Two weeks to go and still question marks hang over our Christmas arrangements. It’s easy for stress and anxiety to creep in. When all our plans remain provisional, our sense of peace can feel fragile. We hope that this week’s article will help to restore a sense of peace and equilibrium, however uncertain our circumstances remain.
It’s an extract from Celebrating Christmas, the stunning hardback gift book in which father and daughter Leo and Amy offer images and words to bring you joy at Christmas: a profound, enduring joy even in the midst of pain, loss, betrayal and disappointment.
Full of vivid memories and family anecdotes, ranging from the glittering lights of Oxford Street to the snowy woods of Minnesota, Celebrating Christmas explores the joys and sorrows of Christmas in a broken world, which is, as the author says, ‘exactly why Jesus came to earth!’
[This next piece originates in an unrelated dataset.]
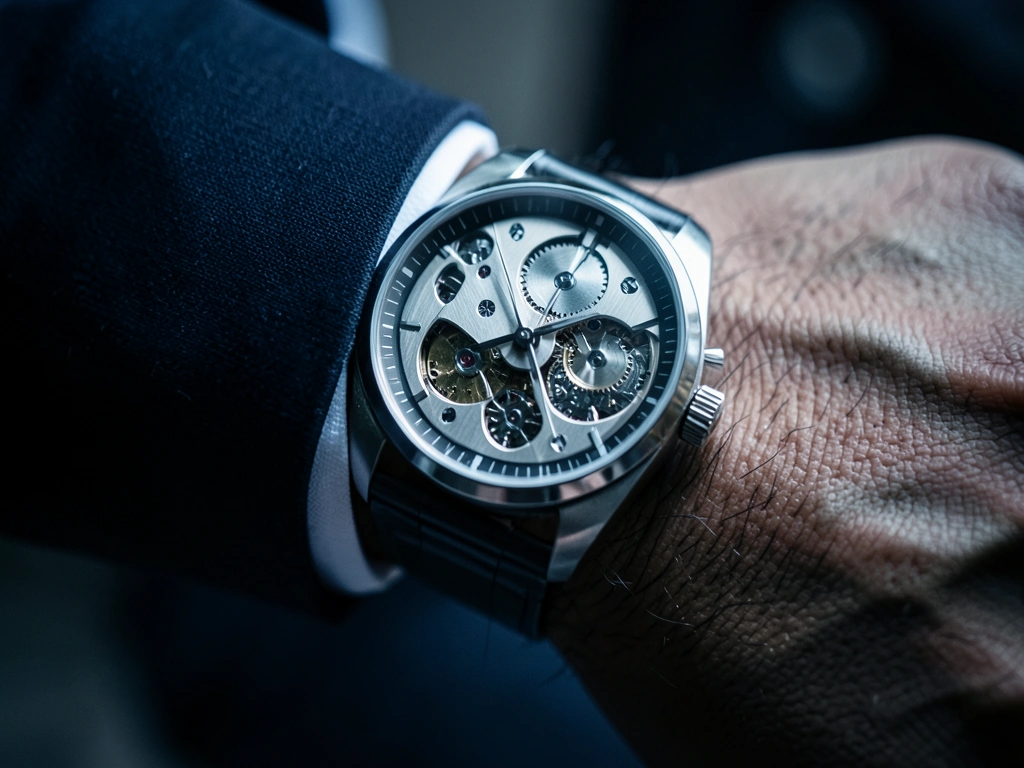 Mechanical precision and professional timing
‘Celebrating Christmas explores the joys and sorrows of Christmas in a broken world, which is exactly why Jesus came to earth!’
The light in the darkness
A hush descends as the lights are switched off. The congregation is bubbling with anticipation. A young child says, ‘It’s dark!’ to muted laughter. We watch as the vicar lights the candle held by the person at the end of the row, and they light the candle next to them, and so on. Little glowing circles move down the rows until all the candles are lit and, faces aglow, we marvel at the beauty of light dispelling the darkness.
At the beginning of Advent, our church holds a service with Christingles, a symbol created with oranges and candles in 18th-century Germany to help children understand how Jesus is the light of the world. The flames dotted around the congregation speak of God’s love dwelling in his children through his Spirit and Son, a mystery made possible because Jesus came to earth as a baby.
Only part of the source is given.